Nuno Crato anunciou a medida aos jornalistas no Palácio das Laranjeiras, em Lisboa, quando confrontado com os resultados das provas finais do 6.º e 9.º anos.

O ministro reconheceu que os resultados mostram «dificuldades persistentes» a Português e Matemática.

«Obviamente que não estamos contentes com isso. Temos de fazer, todos, um esforço para melhorar. É um esforço que não é só nosso, é um esforço que é dos pais, dos professores, das escolas, estamos todos a trabalhar para que estes resultados melhorem», declarou.

«Há uma série de instrumentos que estão em prática, o apoio extraordinário iniciado este ano aos jovens do 4.º ano, após a primeira fase de exames, vai ser estendido no próximo ano aos jovens do 6.º ano de escolaridade», revelou.

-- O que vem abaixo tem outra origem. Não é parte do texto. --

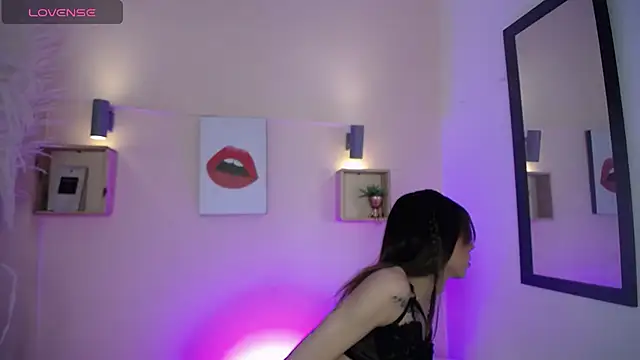 Snapshot of Aniie_Doll chatting on 09.13.25 Aniie Doll online show from 09.13.25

A média da prova de Português do 2.º Ciclo (6.º ano) foi de 52 por cento (a única positiva) e, no 3.º Ciclo (9.º ano), de 48 por cento.

Em Matemática, as classificações médias foram de 49 por cento no 2.º Ciclo e de 44 por cento no 3.º Ciclo (9.º ano).

As classificações médias dos exames da primeira chamada dos 6.º e 9.º anos, em Português e Matemática, em alunos internos, desceram, entre cinco e dez pontos percentuais, em relação às médias do ano letivo anterior.